Governments and kings govern the material world, not the spiritual world, for each man is a sovereign in his soul to the degree that he, paradoxically, orients his being’s pursuit toward oneness in Being with God who begot his beingness (that is, his spirit’s experience of consciousness in and of the material world exterior to that experience itself). Enter the biopolitical state’s implicit mandate: if government aims to govern the zoē, Ambagen’s “bare life,” taming it in aim at encircling (subjugating) all life into and under the law of the Polis, the civilized animal’s environment where the government governs, then it is best, from this government’s perspective, to treat men as monsters. Monsters are men without God, without identity in Being, indeed without experiential being or an assumption about their relation from whence that experience came, for monsters have no being to speak of—they are pure animalic instinct and thusly necessitate governing, limiting, monitoring, caging, and perhaps even monetizing (as we indeed do with beasts in zoos whose implicit message is: you, animal as these, could be here, as these save your governability relative to them). Governments always seek their mandate in some course threat of some half truth: “man is an animal”. Yes, and without a relation to himself, his being founded in the Being of God, he is only that; but he is not only that. Claim otherwise and find yourself, sooner or later, on the wrong side of those bars. Black’s Law dictionary originally defined a Person as “monster”, with no upper case “m” as if to deprive it (Him) of this sense of being and thereby nomos, orientation to Law.

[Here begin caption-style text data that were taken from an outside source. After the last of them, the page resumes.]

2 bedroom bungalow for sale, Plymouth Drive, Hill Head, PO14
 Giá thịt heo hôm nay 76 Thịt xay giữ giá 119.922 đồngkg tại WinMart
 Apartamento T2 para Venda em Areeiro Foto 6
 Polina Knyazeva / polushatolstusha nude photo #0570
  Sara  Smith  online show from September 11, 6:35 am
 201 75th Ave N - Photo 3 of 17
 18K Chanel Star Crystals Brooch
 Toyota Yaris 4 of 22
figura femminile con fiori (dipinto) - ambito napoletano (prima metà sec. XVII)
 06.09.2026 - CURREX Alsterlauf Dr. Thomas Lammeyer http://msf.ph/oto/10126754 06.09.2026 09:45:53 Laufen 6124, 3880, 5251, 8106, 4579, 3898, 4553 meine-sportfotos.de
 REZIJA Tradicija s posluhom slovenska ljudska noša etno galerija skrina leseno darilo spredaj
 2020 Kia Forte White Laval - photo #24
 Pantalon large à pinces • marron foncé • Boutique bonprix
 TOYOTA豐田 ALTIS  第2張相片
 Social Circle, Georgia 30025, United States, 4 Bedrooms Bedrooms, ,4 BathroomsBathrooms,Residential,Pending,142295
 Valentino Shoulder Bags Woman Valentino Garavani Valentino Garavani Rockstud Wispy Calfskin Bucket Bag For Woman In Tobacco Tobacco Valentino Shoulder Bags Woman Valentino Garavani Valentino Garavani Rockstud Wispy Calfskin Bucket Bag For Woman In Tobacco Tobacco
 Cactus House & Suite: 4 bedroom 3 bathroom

Man was not always thought of as having possession of himself; it is easy for modern man with his blind insistence upon and presumption to “rights” to miss that crucial fact of history. He even misses the point in moralizing over the sins of slavery, whose real sin was inconsideration for the Being inside the enslaved man who identifies per se, because this question provokes that same modern mind toward God as that source of being; else he must admit that the slaves body was, is, “just a body” and thereby governed by man’s law, which is clearly mutable to the whim of the state. Hence the desperation of the modern man to “fix” the state’s morality: it cannot permit, in its “scientific” atheism, that man has a longing for the source of his being because this modern god cannot —that is, science cannot yet— fathom a real yet immaterial being because it, and with it modern man, is trapped in the presumptions which are paradoxically and frustratingly caught between the pre-Christian and post-enlightenment eras. The bio-political golom (Hobbes’ Leviathan) grows larger with every spirit claimed by atheism and away from god; and it is become as such —a blind god— to modern man. Look how he worships and abhors this ambivalent creature. Look at what it’s made of him. The value of atheism to man is nothing, for it convinces him he is all material and no spirit; the value to the state is that it’s implicit mandate is to protect “People” (monsters) from themselves. Thus its mandate is growth. And does it grow? And is it —even its justice— blind? If we are material we are monsters and we democraticians comprise Leviathan. God is not an option, not if you mean to have a soul’s sovereignty; for if you demand there is no god, you claim, like the slave, you are a body to be governed by a principle no higher than the monsters themselves who comprise this bio political, godless monster, the State.